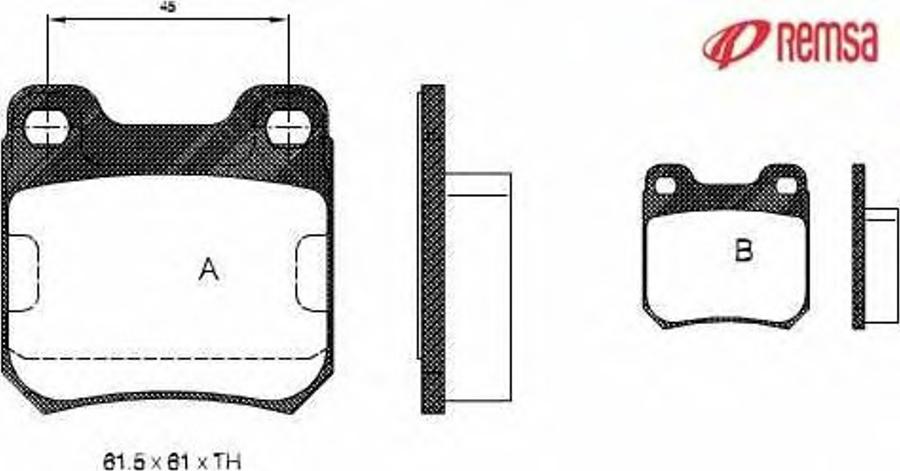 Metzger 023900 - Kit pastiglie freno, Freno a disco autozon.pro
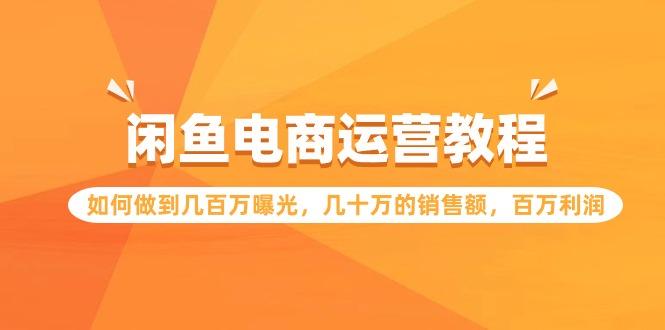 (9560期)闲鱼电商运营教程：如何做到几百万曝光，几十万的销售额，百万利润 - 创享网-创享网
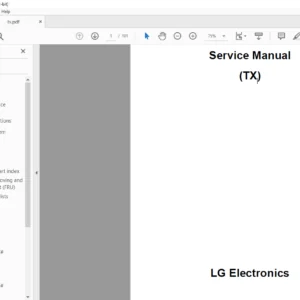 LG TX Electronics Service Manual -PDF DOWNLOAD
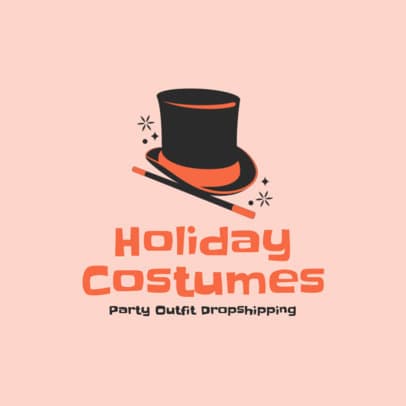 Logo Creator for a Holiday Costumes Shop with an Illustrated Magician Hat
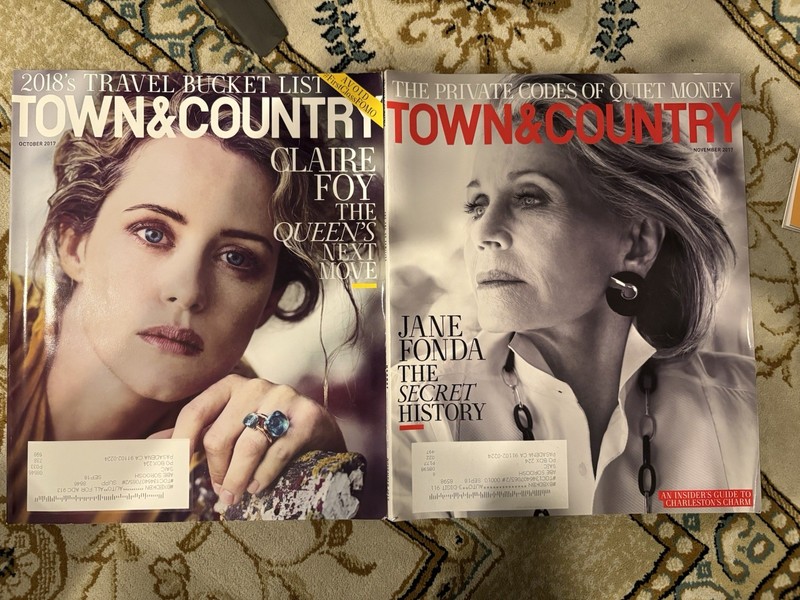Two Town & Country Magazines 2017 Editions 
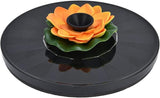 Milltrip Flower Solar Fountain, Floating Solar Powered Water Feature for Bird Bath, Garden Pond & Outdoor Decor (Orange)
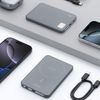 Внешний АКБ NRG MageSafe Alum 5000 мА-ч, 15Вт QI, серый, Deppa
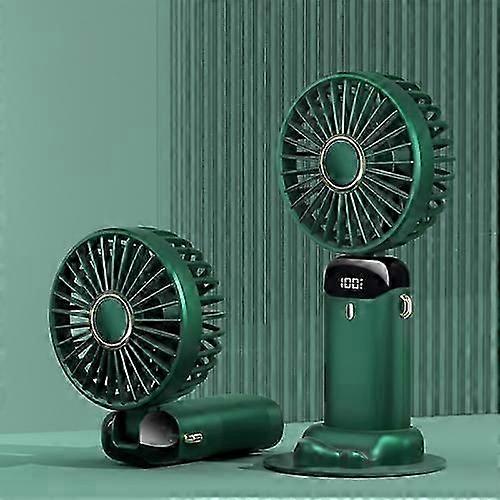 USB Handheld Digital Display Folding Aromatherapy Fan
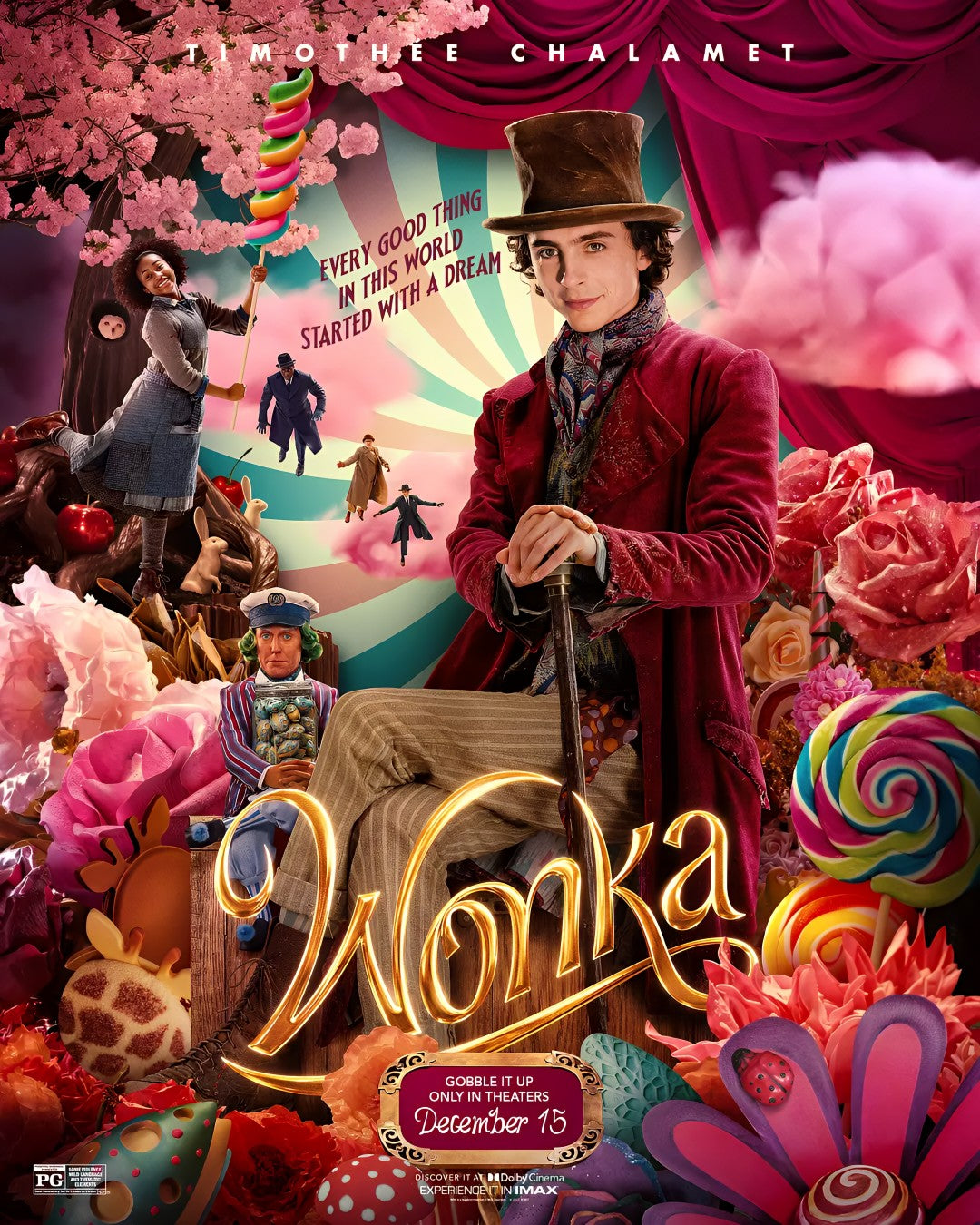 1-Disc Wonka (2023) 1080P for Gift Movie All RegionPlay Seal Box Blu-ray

_ _ _ _ _ _ _

> [Work instructions]
Copy the data in full. No pictures belong in the copy.

> [Result for this task]
 Metzger 023900 - Kit pastiglie freno, Freno a disco autozon.pro
 (9560期)闲鱼电商运营教程：如何做到几百万曝光，几十万的销售额，百万利润 - 创享网-创享网
 LG TX Electronics Service Manual -PDF DOWNLOAD
 Logo Creator for a Holiday Costumes Shop with an Illustrated Magician Hat
Two Town & Country Magazines 2017 Editions 
 Milltrip Flower Solar Fountain, Floating Solar Powered Water Feature for Bird Bath, Garden Pond & Outdoor Decor (Orange)
 Внешний АКБ NRG MageSafe Alum 5000 мА-ч, 15Вт QI, серый, Deppa
 USB Handheld Digital Display Folding Aromatherapy Fan
 1-Disc Wonka (2023) 1080P for Gift Movie All RegionPlay Seal Box Blu-ray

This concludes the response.